EXERCISE DESCRIPTION
Retype word for word the stretch of entries below from the line that has "オリエンティカ アンバー ルージュ" through the line that has "-红鼎豆捞·非遗鲍皇汤火锅(宝丰路店)", and omit the pictures.

AVAILABLE DATA
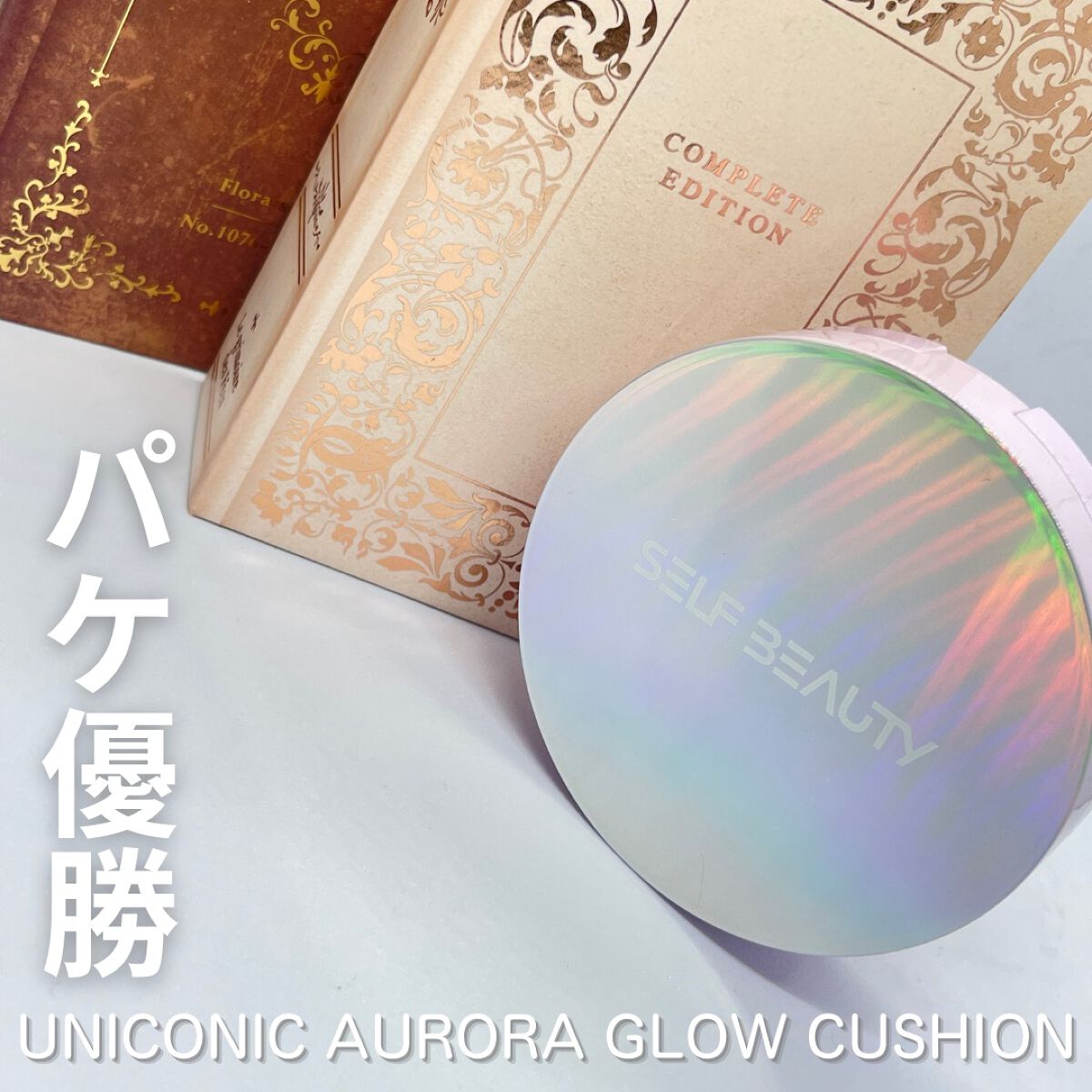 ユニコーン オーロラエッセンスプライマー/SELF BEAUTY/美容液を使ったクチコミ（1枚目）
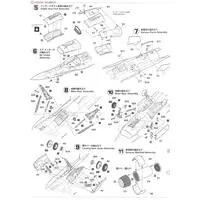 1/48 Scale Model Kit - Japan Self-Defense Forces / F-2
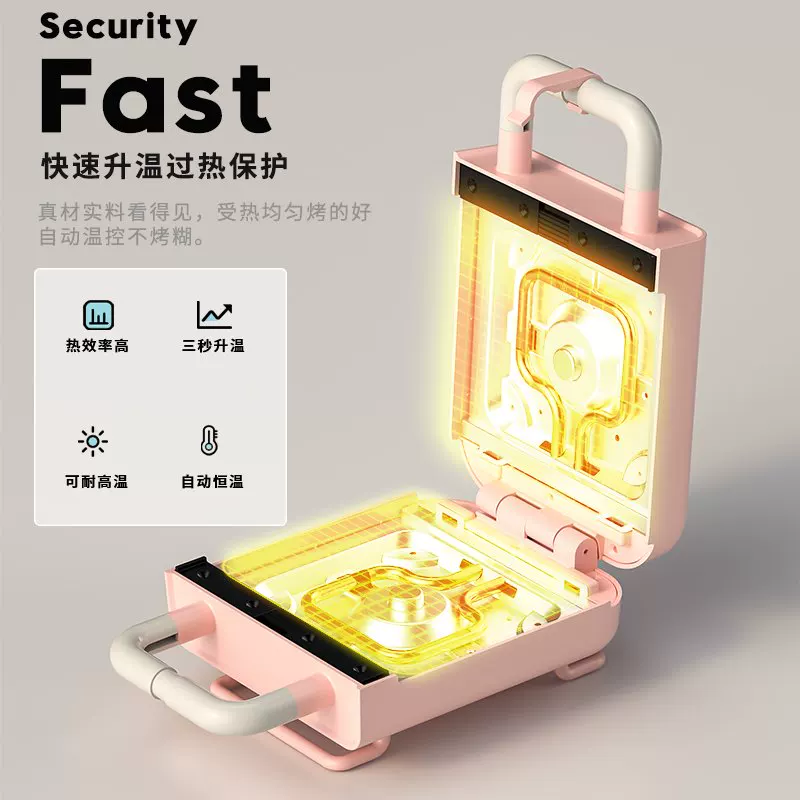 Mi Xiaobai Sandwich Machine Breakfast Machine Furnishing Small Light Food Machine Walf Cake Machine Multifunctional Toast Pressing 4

==

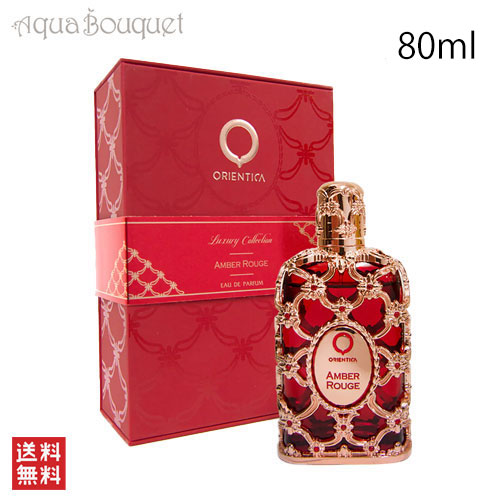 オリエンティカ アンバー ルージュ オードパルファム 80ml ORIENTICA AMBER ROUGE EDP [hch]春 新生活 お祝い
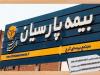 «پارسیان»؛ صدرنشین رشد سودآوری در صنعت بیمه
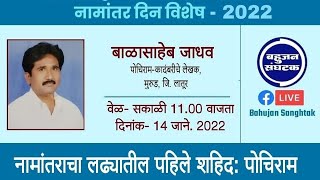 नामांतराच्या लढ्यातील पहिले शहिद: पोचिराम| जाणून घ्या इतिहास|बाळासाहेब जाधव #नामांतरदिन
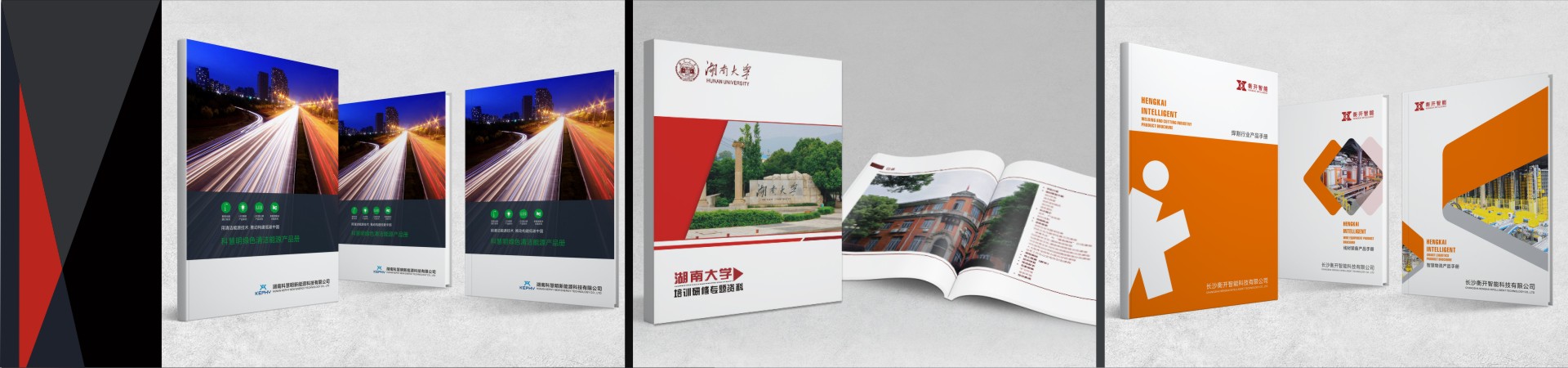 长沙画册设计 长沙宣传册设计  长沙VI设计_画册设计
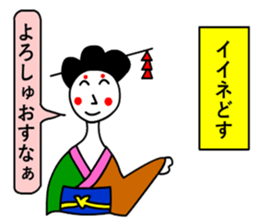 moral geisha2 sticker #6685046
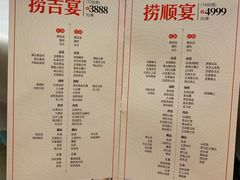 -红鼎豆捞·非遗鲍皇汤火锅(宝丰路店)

OUTPUT BELOW
 オリエンティカ アンバー ルージュ オードパルファム 80ml ORIENTICA AMBER ROUGE EDP [hch]春 新生活 お祝い
 «پارسیان»؛ صدرنشین رشد سودآوری در صنعت بیمه
 नामांतराच्या लढ्यातील पहिले शहिद: पोचिराम| जाणून घ्या इतिहास|बाळासाहेब जाधव #नामांतरदिन
 长沙画册设计 长沙宣传册设计  长沙VI设计_画册设计
 moral geisha2 sticker #6685046
 -红鼎豆捞·非遗鲍皇汤火锅(宝丰路店)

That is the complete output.